Issues specific to assistive technology product development
In cases related to assistive technology products, the expected returns on your invention may be very low, given the small “niche” markets. In fact, sometimes the market is too small to justify spending the resources to patent the product since competition may be avoided simply through the size of the market. In these cases, small niche companies are able to build a successful business out of a non-IP protected product. You should always at least copyright and trademark the innovation since they are low cost ways to protect the product.
Your university may decide that it is not worth the investment of their time and resources to bring your technology to market. In some cases, the university will decide not to actively pursue a license for your technology. This often causes a great deal of frustration on the part of the researcher/developer as the process often stalls here.
If your university’s TTO is not willing to pursue a license agreement on your behalf, you can ask your TTO and your funding agency to waive all ownership rights back to you personally. This action has its pros and cons. While it will give you the right to pursue commercialization independently, you may find that the potential return on your investment (ROI) is insufficient to warrant the investment of your personal resources. At the same time, you won’t have the institutional expertise and resources to protect and commercialize the invention. At this point, you have to consider all of the findings to determine if you think it is worth your time and effort to continue independently. For assistance in making this decision, Bessette (2003) provides a formula and basis for determining ROI in the article entitled Measuring the Economic Impact of University-Based Research.

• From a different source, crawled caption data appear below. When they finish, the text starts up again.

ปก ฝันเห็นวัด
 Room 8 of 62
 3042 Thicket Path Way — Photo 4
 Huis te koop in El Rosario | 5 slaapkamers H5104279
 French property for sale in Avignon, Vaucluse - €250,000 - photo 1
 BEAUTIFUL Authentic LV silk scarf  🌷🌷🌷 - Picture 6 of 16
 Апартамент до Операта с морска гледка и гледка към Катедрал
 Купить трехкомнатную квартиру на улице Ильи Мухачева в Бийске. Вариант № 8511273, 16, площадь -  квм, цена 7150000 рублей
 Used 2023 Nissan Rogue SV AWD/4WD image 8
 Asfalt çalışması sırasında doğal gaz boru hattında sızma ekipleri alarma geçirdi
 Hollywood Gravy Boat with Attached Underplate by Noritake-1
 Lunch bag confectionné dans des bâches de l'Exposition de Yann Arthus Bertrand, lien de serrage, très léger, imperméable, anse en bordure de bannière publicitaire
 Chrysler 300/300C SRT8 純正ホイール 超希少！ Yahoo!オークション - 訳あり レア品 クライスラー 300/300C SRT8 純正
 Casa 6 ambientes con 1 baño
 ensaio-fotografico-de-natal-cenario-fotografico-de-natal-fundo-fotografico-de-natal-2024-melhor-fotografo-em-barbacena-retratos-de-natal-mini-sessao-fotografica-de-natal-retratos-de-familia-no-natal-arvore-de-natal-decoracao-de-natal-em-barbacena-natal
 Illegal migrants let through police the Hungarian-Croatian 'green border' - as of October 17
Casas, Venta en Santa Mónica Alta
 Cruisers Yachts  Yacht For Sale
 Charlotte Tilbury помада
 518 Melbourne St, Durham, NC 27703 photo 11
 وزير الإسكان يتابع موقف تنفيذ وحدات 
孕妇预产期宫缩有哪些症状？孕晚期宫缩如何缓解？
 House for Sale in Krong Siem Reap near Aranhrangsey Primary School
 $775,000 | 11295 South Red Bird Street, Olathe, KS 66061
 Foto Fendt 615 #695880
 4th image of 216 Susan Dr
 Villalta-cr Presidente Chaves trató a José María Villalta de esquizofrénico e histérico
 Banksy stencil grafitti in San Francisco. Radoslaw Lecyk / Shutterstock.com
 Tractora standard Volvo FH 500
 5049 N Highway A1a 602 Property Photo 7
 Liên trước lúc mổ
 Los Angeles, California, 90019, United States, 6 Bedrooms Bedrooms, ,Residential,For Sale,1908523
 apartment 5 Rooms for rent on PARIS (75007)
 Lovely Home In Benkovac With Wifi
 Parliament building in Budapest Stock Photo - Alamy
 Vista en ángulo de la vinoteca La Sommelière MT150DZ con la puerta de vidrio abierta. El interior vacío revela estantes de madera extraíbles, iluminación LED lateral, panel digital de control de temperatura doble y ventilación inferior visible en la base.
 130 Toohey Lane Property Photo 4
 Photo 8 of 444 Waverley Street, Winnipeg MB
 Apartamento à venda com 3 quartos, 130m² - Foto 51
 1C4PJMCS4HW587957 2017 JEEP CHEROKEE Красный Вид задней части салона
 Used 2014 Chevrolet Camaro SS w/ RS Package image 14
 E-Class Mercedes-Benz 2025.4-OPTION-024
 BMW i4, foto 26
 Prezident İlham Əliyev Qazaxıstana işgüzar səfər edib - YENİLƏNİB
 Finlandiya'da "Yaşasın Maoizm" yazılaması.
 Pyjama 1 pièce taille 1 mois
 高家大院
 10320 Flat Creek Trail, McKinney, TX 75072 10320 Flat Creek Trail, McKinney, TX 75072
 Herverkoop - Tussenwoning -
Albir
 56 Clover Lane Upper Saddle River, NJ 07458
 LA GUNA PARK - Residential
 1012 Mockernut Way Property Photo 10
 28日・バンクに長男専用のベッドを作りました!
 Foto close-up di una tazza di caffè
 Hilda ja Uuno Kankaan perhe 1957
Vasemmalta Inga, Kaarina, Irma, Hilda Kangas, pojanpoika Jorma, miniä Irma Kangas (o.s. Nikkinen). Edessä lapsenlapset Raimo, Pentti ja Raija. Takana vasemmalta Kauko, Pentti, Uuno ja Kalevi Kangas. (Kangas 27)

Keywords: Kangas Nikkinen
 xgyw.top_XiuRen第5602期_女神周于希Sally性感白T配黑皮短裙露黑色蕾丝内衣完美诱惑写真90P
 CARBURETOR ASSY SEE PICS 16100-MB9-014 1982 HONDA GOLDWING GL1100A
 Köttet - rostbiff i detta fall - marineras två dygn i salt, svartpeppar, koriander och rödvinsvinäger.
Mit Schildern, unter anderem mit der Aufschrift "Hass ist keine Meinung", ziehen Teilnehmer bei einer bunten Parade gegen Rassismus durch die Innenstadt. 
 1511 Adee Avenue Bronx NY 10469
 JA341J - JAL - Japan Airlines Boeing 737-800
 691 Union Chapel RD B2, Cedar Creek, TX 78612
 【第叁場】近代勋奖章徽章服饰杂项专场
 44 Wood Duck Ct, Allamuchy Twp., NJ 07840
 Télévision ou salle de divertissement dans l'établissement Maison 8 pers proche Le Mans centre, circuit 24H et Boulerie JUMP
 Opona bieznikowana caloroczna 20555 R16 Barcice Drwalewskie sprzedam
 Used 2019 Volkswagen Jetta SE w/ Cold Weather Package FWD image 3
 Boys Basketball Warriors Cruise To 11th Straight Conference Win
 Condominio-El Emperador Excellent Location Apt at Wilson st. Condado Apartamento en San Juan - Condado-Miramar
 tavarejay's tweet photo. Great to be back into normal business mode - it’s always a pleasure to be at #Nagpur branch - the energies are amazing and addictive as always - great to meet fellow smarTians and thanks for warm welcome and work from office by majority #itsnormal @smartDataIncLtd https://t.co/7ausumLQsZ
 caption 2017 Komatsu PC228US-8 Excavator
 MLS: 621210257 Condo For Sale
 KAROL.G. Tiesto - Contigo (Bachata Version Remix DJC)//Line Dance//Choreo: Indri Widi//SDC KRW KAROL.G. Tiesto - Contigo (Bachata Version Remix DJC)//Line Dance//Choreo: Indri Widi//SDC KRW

In some cases, the university will decline the offer to waive rights back to you and may not take any further action to commercialize your technology application themselves. Unfortunately, in these situations there is very little recourse that the developer can take other than seeking market information and possible partnerships on behalf of the TTO.
While in some cases these efforts may entice the university TTO to move forward with a technology, in others it may not. One of the major pitfalls of working with your TTO for technology applications with small markets is the ability of the university to determine whether or not the development merits further work toward commercialization. Results from pilot testing a prototype of the innovation for a sample of the potential market and conducting a proof-of-concept test can assist the TTO in making their decision. While this process is very frustrating for the researcher/developer, it is a fact of life when pursuing commercialization of devices with small market sizes.
Example
The following is an example of the consequence of undercutting university involvement. As an undergraduate student and part-time assistant at the National Center for Supercomputing Applications (NCSA) at the University of Illinois, Andreeson was familiar with the Internet. At the time (1992), most of the browsers were for Unix machines and were expensive. Andreeson decided to design a browser that was more graphically enhanced and easier to use by all. In order to do this, Bina, another co-worker, was recruited. Together, the two developed the browser Mosaic. In 1993 Andreeson and Bina graduated and re-located to Silicon Valley to start a business. In 1994, they created the Mosaic Communications Corp. and introduced the Netscape browser. Success seemed likely until the University of Illinois claimed that Andreeson had stolen Mosaic from them and demanded they change their name and quit distributing their product. Mosaic did change its name to Netscape Communications Corp. but would not stop distributing software. A settlement was reached where the University of Illinois made no further claims on Netscape and they received a financial settlement, which cost Netscape a substantial amount of money. (Massachusetts Institute of Technology, 2001).